The outside of your car’s windows are subject to harsh environmental elements including:
- Stone chips
- Road debris
- Bird droppings
- Snow and ice
The benefits of heated windows
While you can’t prevent environmental elements from occurring, snow and ice can be combatted by heating the windows. Air blowing on the inside of the glass can be effective if the air is already warm, but it can take quite a while to heat up in freezing temperatures. Often, you won’t want to wait that long to begin driving.
Even if the temperature outside is above the freezing point, the inside of the windows can fog up from moist, humid weather conditions. Foggy windows obstruct your vision much like ice and snow on the windows can, making it unsafe to drive.
Nearly all back windows on cars and SUVs are equipped with heated windows, and some trucks are as well. The grid on the rear window is known as a rear window defogger. It is a thin electrical element that power runs through. The resistance in the element causes it to heat up, which warms the glass. The heat melts a small amount of ice and snow, and clears the fogginess from the rear window.

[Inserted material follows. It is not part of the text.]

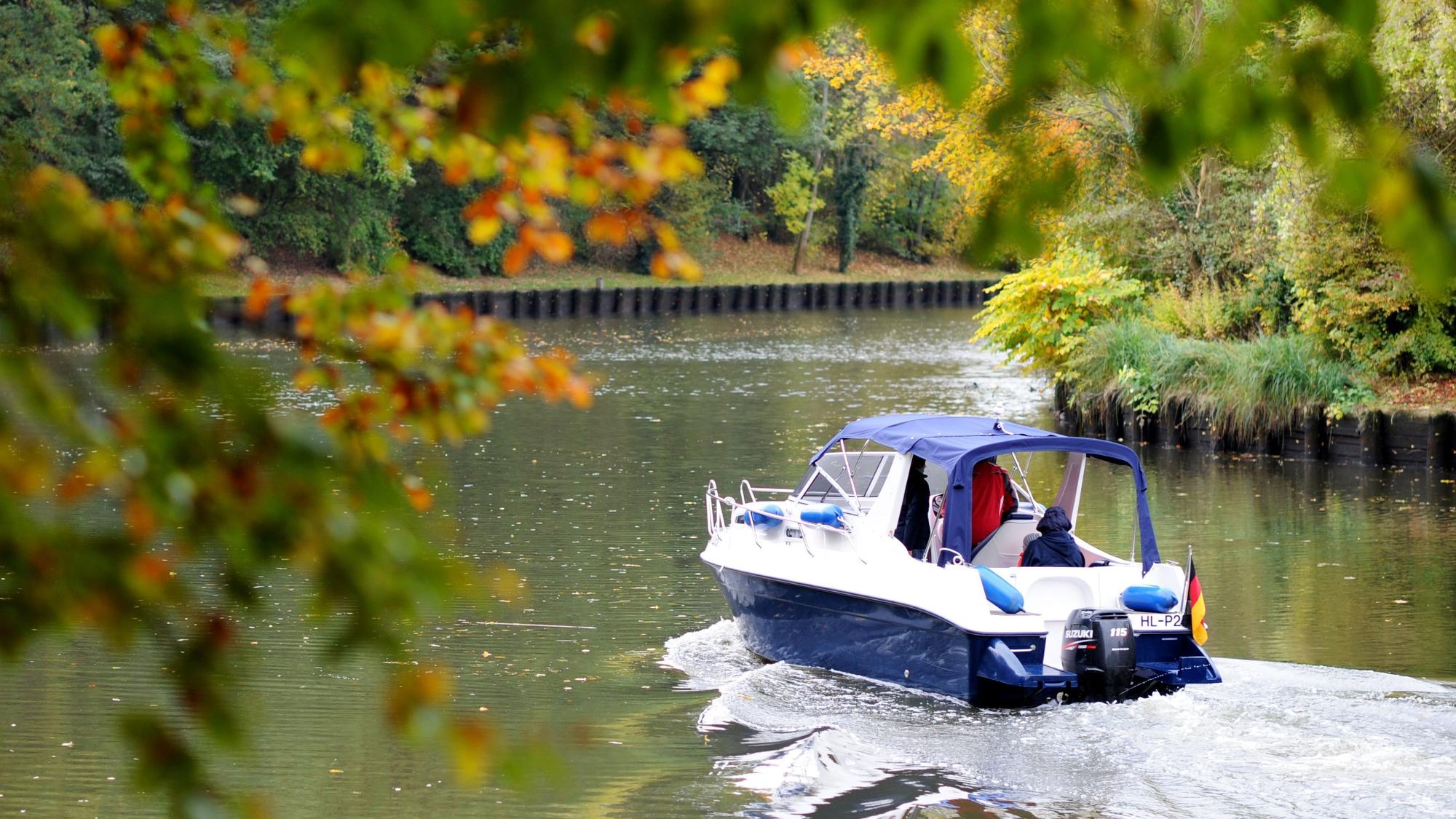 Ein Motorboot fährt am 19. Oktober 2013 in Lübeck (Schleswig-Holstein) auf dem Stadtgraben.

Immovable side windows and power mirrors on some vehicles, as well as a select few windshields, are now equipped with an electrical grid of the same nature. While rear window defogger grids are usually visible as long horizontal lines on the glass, the side windows, windshield, and power mirrors use a very fine element that is barely visible at all, even on close inspection.
How heated windows work
Heated windows operate on a button or switch, and utilize a timer to turn the heat off after a certain period. Typically, it is between 10 and 15 minutes of operation.
The rear defogger will stop working if the grid is broken and is the most common problem for rear window defogger grids. If the rear window defogger has an electrical contact come off or a defogger line is scratched through, there will not be electrical continuity to heat the rear window. The grid can be repaired and electrical contacts can sometimes be re-secured.